With Sales PC One is the destination. It comes into the switch. The switch in our example has already learned the Mac address of Sales PC One. So it just sends it out that port. So that was the same as before, the same. For unicast traffic between different IP subnets, sales PC Two is going to send some traffic to an Engineering PC now so it comes into a switch. And you know how I said that the switch only allows traffic within the same VLAN? Well, the destination mark address is the Sales PC to default gateway on the router which is also in the Sales VLAN. So the switch will send the traffic up to the router only on that port because it had already learned its Mac address.
The router will then route the traffic to the engineering vuan and it will send it out the engineering interface.
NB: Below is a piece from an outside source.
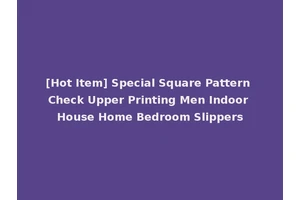 [Hot Item] Special Square Pattern Check Upper Printing Men Indoor House Home Bedroom Slippers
So it comes in on the switch in the Engineering VLAN and the switch will then send the traffic to the Engineering PC. It’s allowed to do that because it’s also in the Engineering VLAN. So for unicast traffic, whether it’s within the same subnet or between different subnets, that works the same really whether we’re using VLANs or not, where the big difference comes in and the big benefit is for broadcast traffic. So now Sales PC Two sends out some broadcast traffic that hits the switch and it floods it out all parts but only ports that are in the same VLAN. So it hits all of the other sales PCs and the sales interface on the router, but it does not not hit any of the engineering PCs. So the traffic only gets flooded where it needs to go. So that improves security and performance.